Within a matter of weeks, and amid a slew of gun-related deaths, D.C. officials enacted emergency gun legislation banning the use of “ghost guns” — untraceable and undetectable firearms often created from 3D printing and the assembly of various parts.
Mayor Muriel Bowser (D) signed the Ghost Guns Prohibition Emergency Amendment Act last Wednesday, just days after the D.C. Council overwhelmingly approved the legislation. Up until its expiration date of June 9, the bill — championed by D.C. Council Chairman Phil Mendelson (D) and Council member Charles Allen (D-Ward 6) — prohibits the issuance of a certificate for ghost guns, and amends firearm control laws to penalize the possession of such weapons.
“By enacting this legislation we are sending a simple message: If you play a role in profiting from bloodshed in our community, you will be held accountable. We have seen an alarming increase in the number of ghost guns being used in D.C., and we knew it was important to act quickly,” Bowser said in a statement crediting the Giffords Law Center, Moms Demand Action, and Everytown for Gun Safety for their support.
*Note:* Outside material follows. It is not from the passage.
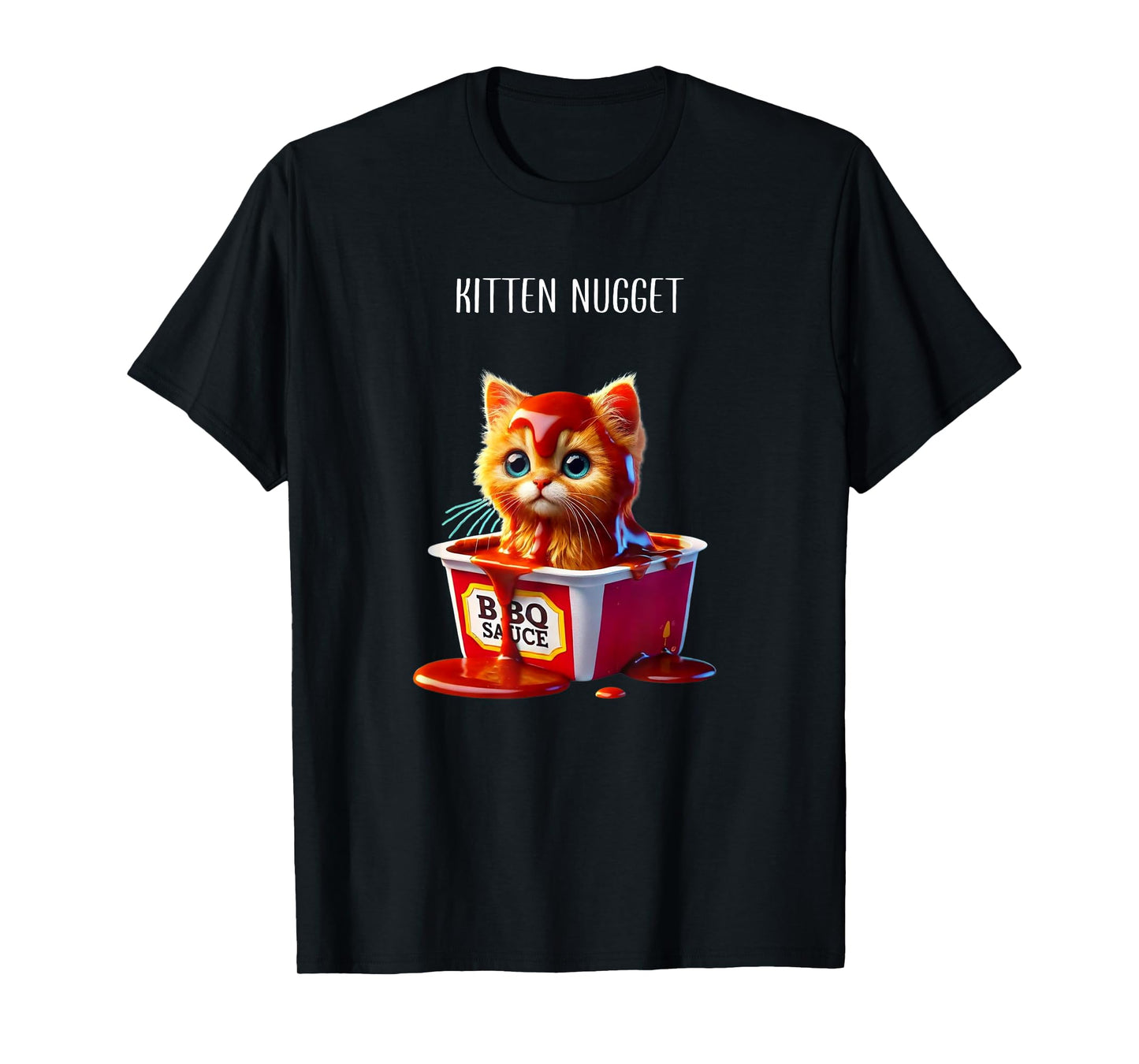 Kitten Nuggets Cat Lover Gift Food Pun Chicken Nuggets T-Shirt for Men Women Kids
“Only by working together can we get illegal guns off our streets and build safer neighborhoods,” she added. “Any gun in the wrong hands is a danger to our community. Any person using an illegal gun in our neighborhoods is a danger to our community.”
For years, Sacramento, California, has served as a hub for ghost guns, a brand of firearm protected by federal law via what officials in the U.S. Bureau of Alcohol, Tobacco, Firearms and Explosives describe as a loophole. In 2017, the U.S. Department of Defense found itself in a case reaching the Supreme Court case after attempting to confiscate machines from Defense Distributed, the company that found instant fame as a 3D-gun printing entity.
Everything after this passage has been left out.